FILE – A person waits in line to vote in the Georgia’s primary election on May 24, 2022, in Atlanta. A new poll shows 71% of voters think the future of the country is at stake when they vote in November’s midterm elections. That’s according to a new poll from The Associated Press-NORC Center for Public Affairs Research. (AP Photo/Brynn Anderson, File)

(NewsNation) — Voter confidence in democracy has hit new lows, with a new NBC poll finding that 80% of Democratic and Republican voters think the opposite party poses a threat that could destroy the country.

While Republicans wait for former President Donald Trump to make an official 2024 campaign announcement, many Democrats are hesitant to fully endorse Biden for a second term.

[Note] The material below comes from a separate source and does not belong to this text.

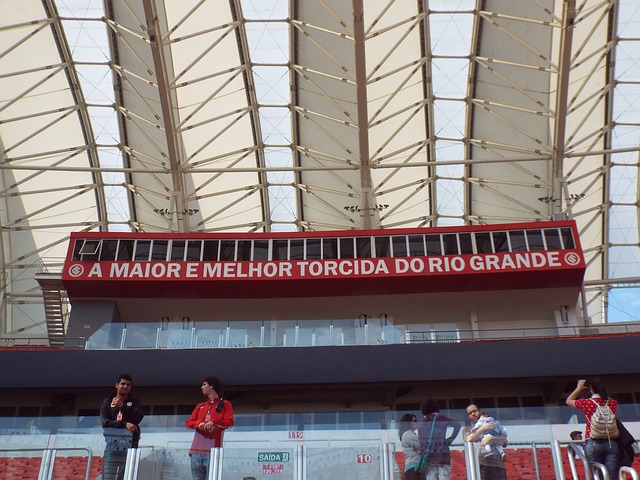 返岗之路将 返岗之路将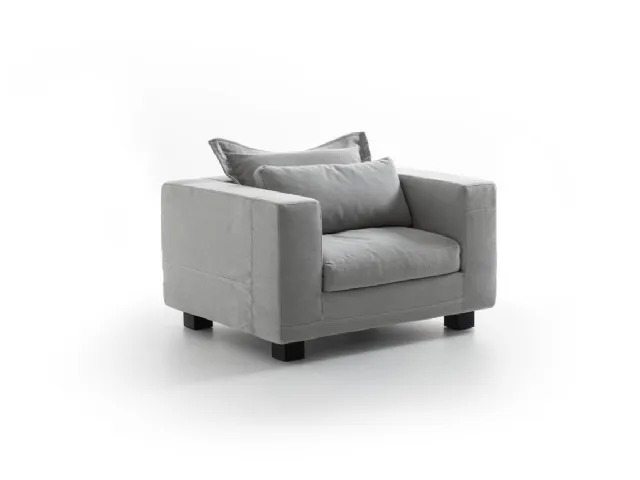 Nebula Nine di Diesel Living with Moroso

Meanwhile, there are echoes of Trump’s refusal to accept the results of the 2020 presidential election.

Kari Lake, Republican candidate for Arizona governor, stopped short of committing to accepting the results of her election unless she wins.

Lake is one of dozens of candidates running nationwide who, like Trump, publicly deny the 2020 election was legitimate.

Some Democrats fear those candidates might sow doubt about their own elections in 2022 or refuse to certify legitimate election results in 2024.

Democrat Stacey Abrams never officially conceded her 2018 loss in the Georgia governor’s race, arguing the voting rules disadvantaged her campaign. Unlike Trump, Abrams never claimed fraud occurred and never spearheaded any effort to overturn the results.

There is no evidence of widespread fraud, cheating or manipulation of voting machines in the 2020 election. Exhaustive reviews in the states disputed by Trump upheld Democratic President Joe Biden’s win, and legal challenges pursued by the former president and his allies were rejected by numerous judges, including ones appointed by Republicans.

That hasn’t stopped conspiracy theories that have spread over the last two years, fueled by Trump, allies including MyPillow CEO Mike Lindell and a crop of Republican candidates seeking office this year.

The Associated Press contributed to this report.